Exercise details: Give back the entries below verbatim.
* * * * *
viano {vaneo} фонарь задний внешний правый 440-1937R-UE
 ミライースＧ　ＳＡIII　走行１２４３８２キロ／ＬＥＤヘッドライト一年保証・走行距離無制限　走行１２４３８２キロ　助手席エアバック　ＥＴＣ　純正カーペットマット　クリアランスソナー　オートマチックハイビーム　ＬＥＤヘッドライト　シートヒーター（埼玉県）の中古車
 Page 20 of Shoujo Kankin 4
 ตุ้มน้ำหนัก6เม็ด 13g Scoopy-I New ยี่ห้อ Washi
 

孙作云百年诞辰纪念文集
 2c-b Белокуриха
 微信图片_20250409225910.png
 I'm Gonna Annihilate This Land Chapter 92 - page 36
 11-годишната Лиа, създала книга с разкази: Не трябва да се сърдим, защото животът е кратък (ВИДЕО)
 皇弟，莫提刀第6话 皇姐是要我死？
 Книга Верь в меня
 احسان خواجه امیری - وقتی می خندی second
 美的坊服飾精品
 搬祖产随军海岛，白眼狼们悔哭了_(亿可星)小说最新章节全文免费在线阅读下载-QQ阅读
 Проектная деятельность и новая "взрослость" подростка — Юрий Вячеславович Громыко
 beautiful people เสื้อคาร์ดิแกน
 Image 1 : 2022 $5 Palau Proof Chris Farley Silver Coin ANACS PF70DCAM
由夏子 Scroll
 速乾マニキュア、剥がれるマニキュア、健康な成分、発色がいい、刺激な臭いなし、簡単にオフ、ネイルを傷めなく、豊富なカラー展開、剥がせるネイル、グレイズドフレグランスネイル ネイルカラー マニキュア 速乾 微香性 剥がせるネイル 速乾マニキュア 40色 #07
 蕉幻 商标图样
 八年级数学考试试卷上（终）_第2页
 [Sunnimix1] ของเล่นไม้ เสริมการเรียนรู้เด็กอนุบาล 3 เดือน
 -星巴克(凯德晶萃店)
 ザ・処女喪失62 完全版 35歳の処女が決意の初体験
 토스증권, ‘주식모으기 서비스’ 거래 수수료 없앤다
* * * * *
Response to the task:
viano {vaneo} фонарь задний внешний правый 440-1937R-UE
 ミライースＧ　ＳＡIII　走行１２４３８２キロ／ＬＥＤヘッドライト一年保証・走行距離無制限　走行１２４３８２キロ　助手席エアバック　ＥＴＣ　純正カーペットマット　クリアランスソナー　オートマチックハイビーム　ＬＥＤヘッドライト　シートヒーター（埼玉県）の中古車
 Page 20 of Shoujo Kankin 4
 ตุ้มน้ำหนัก6เม็ด 13g Scoopy-I New ยี่ห้อ Washi
 

孙作云百年诞辰纪念文集
 2c-b Белокуриха
 微信图片_20250409225910.png
 I'm Gonna Annihilate This Land Chapter 92 - page 36
 11-годишната Лиа, създала книга с разкази: Не трябва да се сърдим, защото животът е кратък (ВИДЕО)
 皇弟，莫提刀第6话 皇姐是要我死？
 Книга Верь в меня
 احسان خواجه امیری - وقتی می خندی second
 美的坊服飾精品
 搬祖产随军海岛，白眼狼们悔哭了_(亿可星)小说最新章节全文免费在线阅读下载-QQ阅读
 Проектная деятельность и новая "взрослость" подростка — Юрий Вячеславович Громыко
 beautiful people เสื้อคาร์ดิแกน
 Image 1 : 2022 $5 Palau Proof Chris Farley Silver Coin ANACS PF70DCAM
由夏子 Scroll
 速乾マニキュア、剥がれるマニキュア、健康な成分、発色がいい、刺激な臭いなし、簡単にオフ、ネイルを傷めなく、豊富なカラー展開、剥がせるネイル、グレイズドフレグランスネイル ネイルカラー マニキュア 速乾 微香性 剥がせるネイル 速乾マニキュア 40色 #07
 蕉幻 商标图样
 八年级数学考试试卷上（终）_第2页
 [Sunnimix1] ของเล่นไม้ เสริมการเรียนรู้เด็กอนุบาล 3 เดือน
 -星巴克(凯德晶萃店)
 ザ・処女喪失62 完全版 35歳の処女が決意の初体験
 토스증권, ‘주식모으기 서비스’ 거래 수수료 없앤다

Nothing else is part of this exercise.